Draft status reports will be released by WDFW June 15 detailing the decline of the common loon, the northern leopard frog, a butterfly known as the mardon skipper and the Olympic mudminnow, and recommending that the four species be added to the state's list of troubled species.
"Habitat loss is the common thread in the decline both of wild salmon runs and wildlife species," said WDFW Director Jeff Koenings. "The attention rightfully being focused on fragile wild fish populations should not distract us from the plight facing many of the state's wildlife species."
The state already lists 24 species as endangered (likely to become extinct); 11 as threatened (likely to become endangered), and four as sensitive (in decline and likely to become endangered or threatened). Another 99 species are considered candidates for eventual listing.
A 90-day public review and comment period and two public meetings will be held for discussion of the draft reports on the status of the loon, leopard frog, mardon skipper and mudminnow.
The draft status report are available at public libraries, WDFW headquarters in Olympia and WDFW regional offices in Mill Creek, Montesano, Vancouver, Ephrata, Yakima and Spokane, or on the WDFW homepage at http://wdfw.wa.gov on the Internet. Written comments on the reports may be mailed by September 15 to Harriet Allen, Washington Department of Fish and Wildlife, 600 Capitol Way N., Olympia WA 98501- 1091.
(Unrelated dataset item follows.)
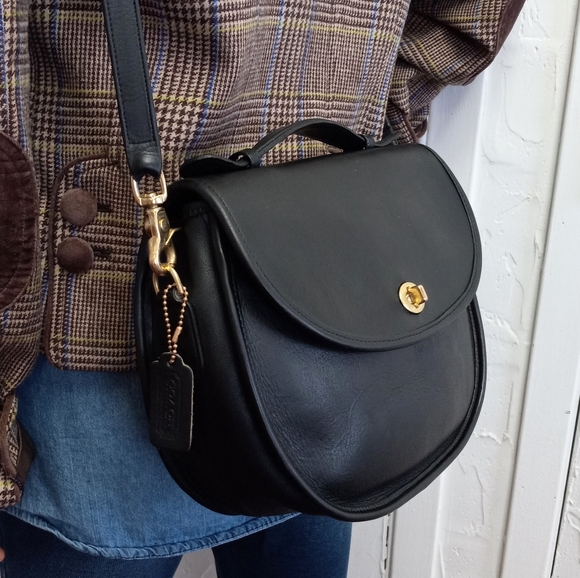 Coach Large Plaza Bag, Black, Late 1980's - Early 1990's - Picture 2 of 15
Comments received on the draft reports will be considered when final status reports on the four species are written for public distribution November 1. The Fish and Wildlife Commission is scheduled to decide in its regular meeting December 10 and 11 whether to add the four species to state lists.
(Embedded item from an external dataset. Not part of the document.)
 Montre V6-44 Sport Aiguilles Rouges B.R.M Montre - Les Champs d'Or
The northern leopard frog, once one of North American's most common amphibians, is being recommended for listing as a state endangered species after disappearing from nearly 90 percent of the areas where it was found 30 years ago. Since 1992, field surveys have found the frog only in two areas of the Crab Creek drainage in Grant County. Reasons for its decline are unknown. Possible causes include agricultural chemicals, predation by non-native bullfrogs and exotic fish and changes in wetland habitat.
The mardon skipper, a small, tawny-orange butterfly dependent on plants found on the native grasslands of Southern Puget Sound and the Southern Cascades, is being recommended for listing as a state threatened species. Only a few hundred of the creatures are believed to remain as grassland has vanished due to human development, grazing, farming, forest encroachment, invasion of non-native plants and herbicide use.
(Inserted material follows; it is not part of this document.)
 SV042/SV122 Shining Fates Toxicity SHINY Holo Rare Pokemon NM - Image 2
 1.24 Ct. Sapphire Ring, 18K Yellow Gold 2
The common loon, which migrates through Washington and winters on remote bodies of water, is being recommended for listing as a state threatened species because of concerns over the health of the population. Shoreline development, disturbance from human activity and deliberate attacks against the fish-eating birds are believed to have caused the loons to abandon some of the lakes where they once nested. Fewer than 10 nests are recorded in a typical year in Washington.
The Olympic mudminnow, found in the southern and western lowlands of the Olympic Peninsula, the Chehalis and lower Deschutes river drainages and south Puget Sound west of the Nisqually River, is being recommended for inclusion on the state list of sensitive species. The recommendation is being made because of the mudminnow's restricted range and its complete dependence on wetland habitat, up to half of which has vanished since the state was settled.
Although WDFW works with landowners to encourage habitat protection, it does not have the regulatory authority to control land use to protect species habitat. Thus, state protection listings do not carry the restrictions on human activities which accompany federal species listings.